The Riviera Riddle: Why Golf’s Greatest Players Keep Coming Up Empty in Los Angeles
I’ve been covering professional golf for 35 years now, and I’ve learned that the tour has a way of humbling even its greatest champions. But there’s one course that stands out as a genuine mystery – a beautiful, sophisticated layout in Pacific Palisades that has somehow figured out how to neutralize the best players on the planet.
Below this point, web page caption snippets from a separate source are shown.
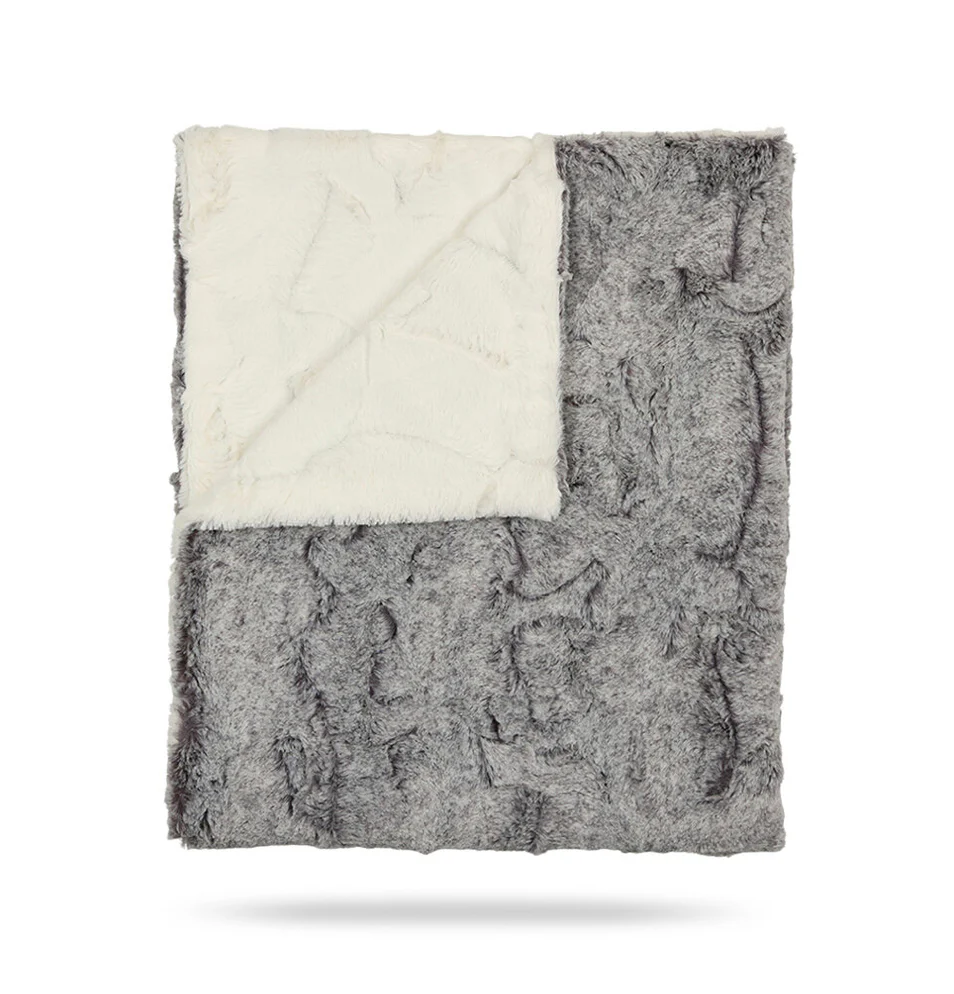 Gray & Stone  Lux Fur Blanket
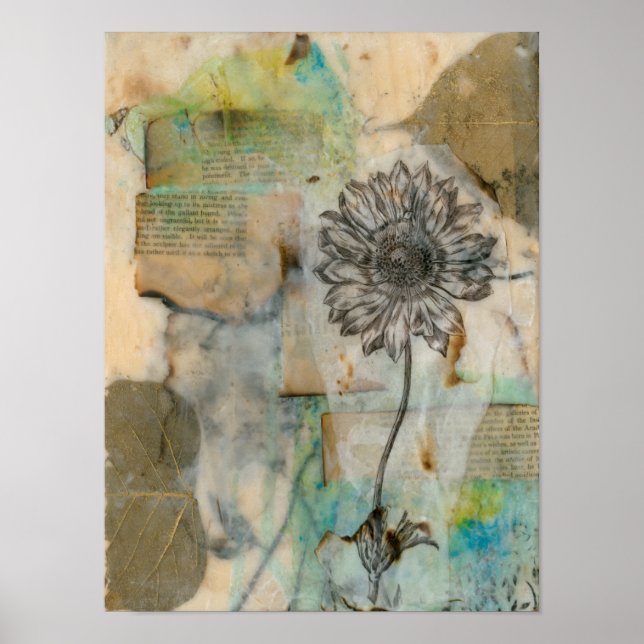 Póster Vellum Floral I (Frente)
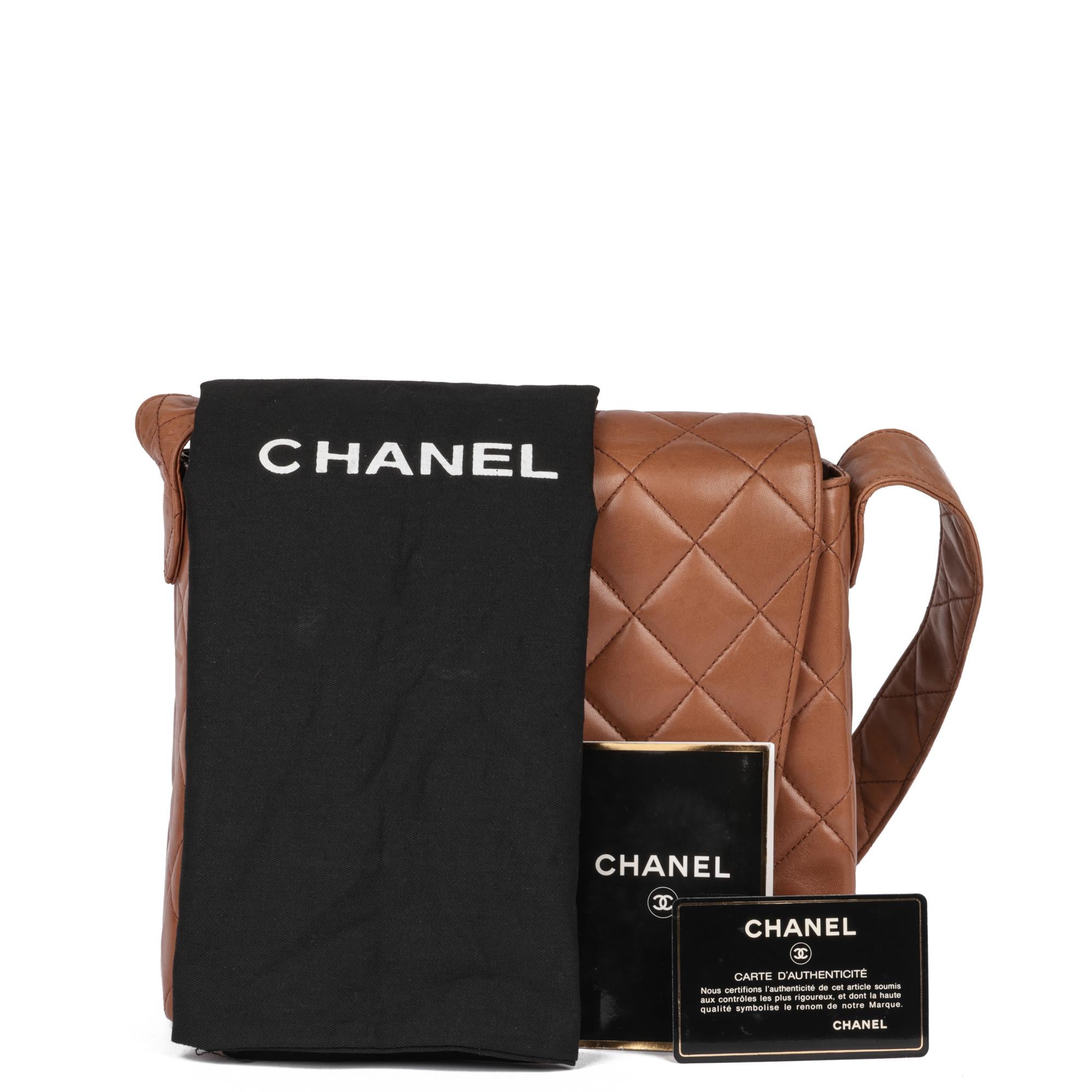 CHANEL Caramel Quilted Lambskin Vintage Small Classic Single Flap Bag 5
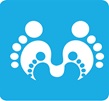 Footprints Preschool And Day Care Creche,  B 1051 Logo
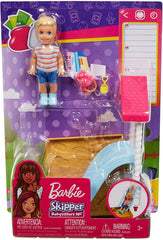 Barbie Skipper Babysitter Doll & Playset Playground FXG94 - Colorland Toys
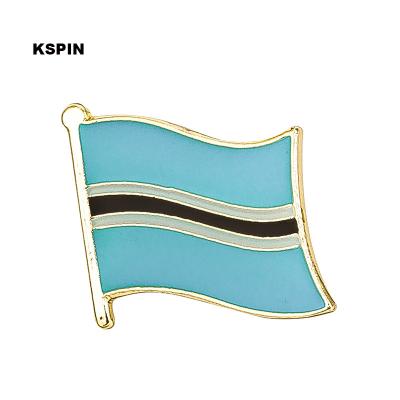 China Europe Botswana Flag Badges on Pin Brooch Lapel Pins Backpack Badge Custom Logo for sale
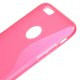 iPhone 6 cover med bølgemønster, pink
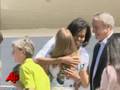 Raw Video: Michelle Obama Arrives in Denver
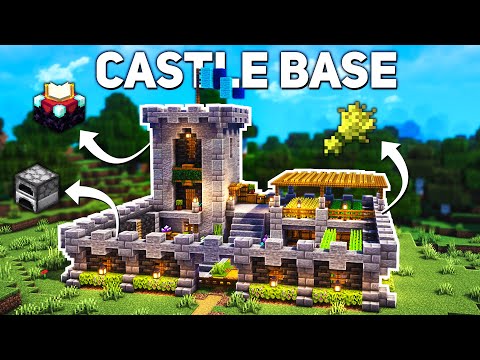 Minecraft: Castle Survival Base Tutorial (how to build)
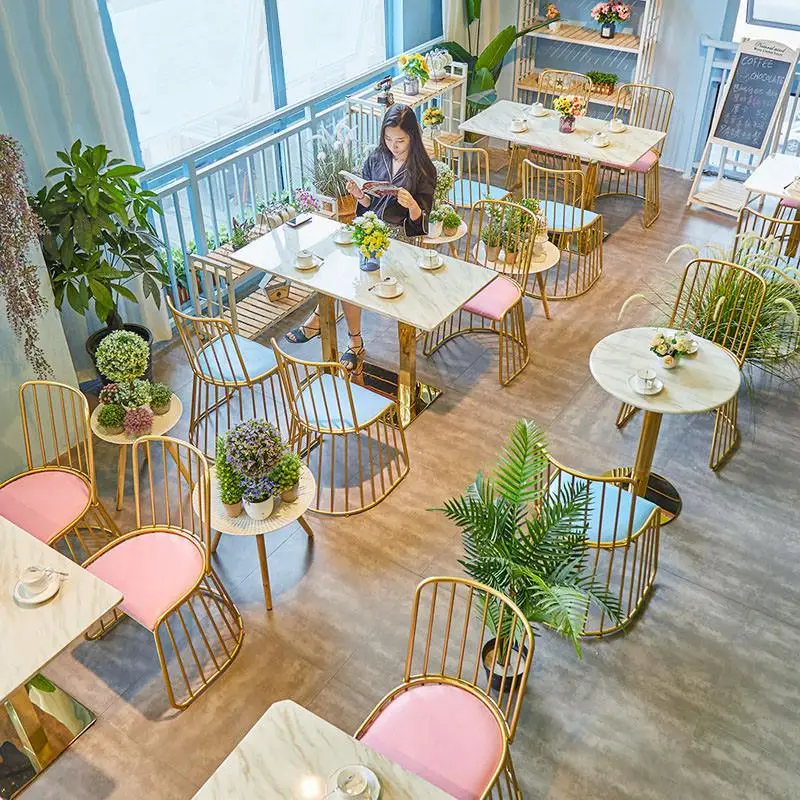 Стул для маникюра с красной спинкой в скандинавском стиле столовый стул чайного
Riviera Country Club is hosting the Genesis Invitational this week, marking the 60th time in 100 years that this venerable event has been played on these grounds. And here’s what keeps me up at night: Jack Nicklaus never won here. Tiger Woods never won here. And right now, Scottie Scheffler and Rory McIlroy are tracking toward the same fate.
That’s not just a statistical oddity. That’s a mystery worth examining.
When the GOATs Come Up Short
Let me be clear about something: both Nicklaus and Woods were dominant forces at other prestigious California courses. They won at Torrey Pines. They won at Pebble Beach. They conquered Augusta National. They basically owned every major championship venue they stepped foot on.
But Riviera? It eluded them both.
In 14 total starts (12 Genesis Invitationals plus two PGA Championships), Nicklaus finished second twice and never won. Woods fared slightly better in terms of close calls – also finishing second twice – but across 16 attempts, he couldn’t put one in the win column either.
I’ve covered enough golf to know that sometimes the best explanation is the simplest one. Nicklaus himself said it back in 1994:
“I’ve had some pretty good rounds here but never four that were good enough to win.”
Woods echoed similar sentiments in 2023:
“I know the golf course. I also know I haven’t a lot of success here.”
There’s something almost refreshing about that honesty from two of history’s greatest competitors. No excuses. Just acknowledgment that sometimes a course can get the better of you.
What Makes Riviera So Devilishly Difficult?
Having caddied for Tom Lehman back in the day, I learned that elite players often gravitate toward courses that suit their eye and their ball-striking patterns. Riviera, it seems, has built-in resistance to the most common dominant patterns in golf.
The course rewards length off the tee – which is why Bubba Watson has won three times here. It demands precision into greens with quirky shapes. And there’s that famous Poa Annua grass on the putting surfaces that creates gnarly, unpredictable speeds.
But here’s what really strikes me: the course has historically favored certain types of ball-strikers. Three of the five multiple winners at Riviera (Mickelson, Watson, and Weir) are left-handed. All three have also won at Augusta National, which suggests there’s something about the shotmaking demands here that align with what works at the Masters.
Jordan Spieth, who loves Riviera as a golf course, explained it better than I ever could:
“It’s one of those rare weeks where you just can’t get away with firing at flag sticks. Precision is so key, but being smart and recognising when even being precise still won’t work out. There’s not much rough, but it does take the spin off enough so you can’t get into pins. So you just have to be so disciplined.”
That’s the Riviera paradox right there. You need to be both aggressive and conservative simultaneously. And apparently, that’s something Nicklaus and Woods – for all their genius – never quite cracked.
The Modern Puzzle: Scheffler and McIlroy
What concerns me most is that we’re watching history potentially repeat itself with this generation’s best players.
Scheffler, who has won multiple majors and practically everything else, has never finished better than seventh here and has never mounted a legitimate Sunday charge. McIlroy has been closer – a fourth-place finish in 2019, a fifth in 2020 – but his recent form suggests the mystery is deepening. He hasn’t been within nine shots of the 54-hole lead in his last three visits.
These are men capable of winning anywhere. Yet Riviera remains an unconquered frontier.
Why This Matters Beyond the Trophy Case
In my three decades covering the tour, I’ve noticed that when a course consistently defeats elite players, it usually means one of two things: either the course is genuinely brilliant in its design and strategy (which Riviera absolutely is), or there’s something ineffable – a je ne sais quoi – that certain types of players simply can’t overcome.
I believe it’s the latter here. Riviera isn’t just testing golf skills. It’s testing temperament, imagination, and the willingness to accept that sometimes being the best player in the world isn’t enough.
That’s a humbling lesson. And in a sport that often feels dominated by raw talent and firepower, Riviera stands as a beautiful reminder that golf courses still have secrets to keep.
This week’s Genesis Invitational will provide another chapter in this fascinating narrative. Will Scheffler finally break through? Will McIlroy add his name to the champions list? Or will Riviera continue to perplex the very best our game has to offer?
Either way, that’s what makes great golf courses – and great tournaments – worth following.